- [WHAT IS BEING ASKED]: Your task is to give the listing below back word for word, pictures excluded.

- [STORED DATA]:
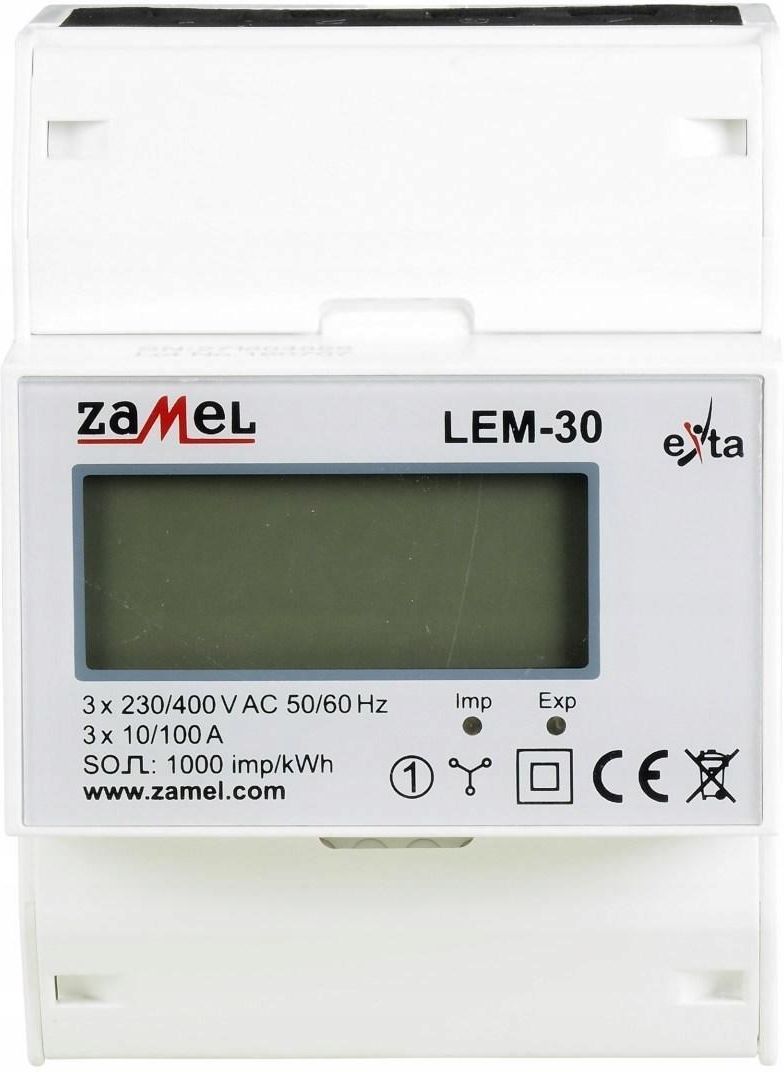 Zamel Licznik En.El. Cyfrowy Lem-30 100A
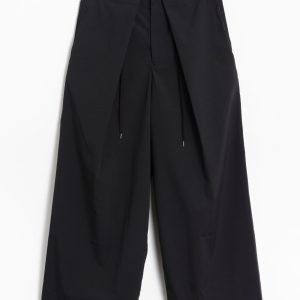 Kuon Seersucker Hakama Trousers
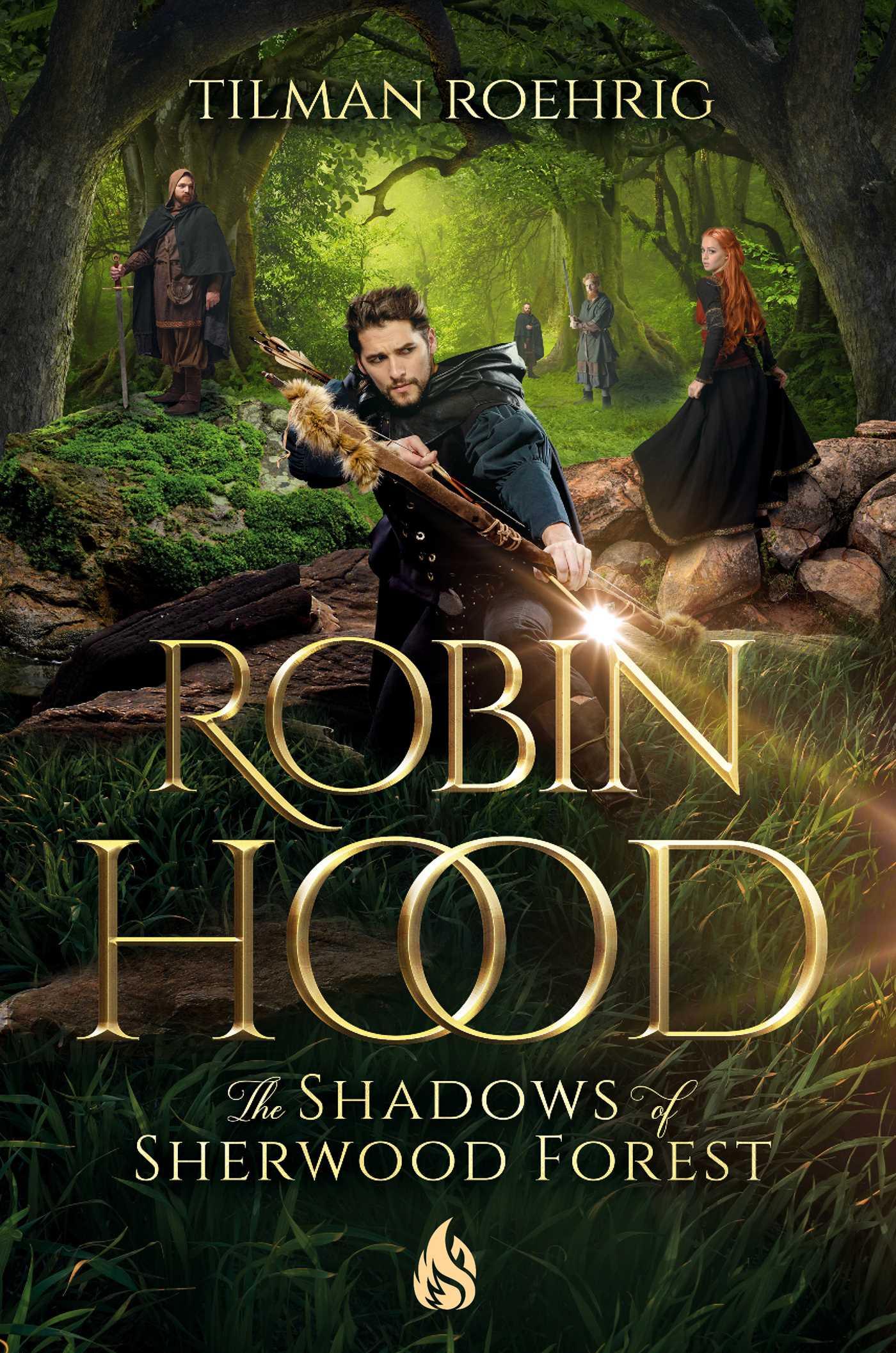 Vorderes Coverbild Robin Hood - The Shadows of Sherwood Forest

- [WRITTEN RESPONSE]:
 Zamel Licznik En.El. Cyfrowy Lem-30 100A
 Kuon Seersucker Hakama Trousers
 Vorderes Coverbild Robin Hood - The Shadows of Sherwood Forest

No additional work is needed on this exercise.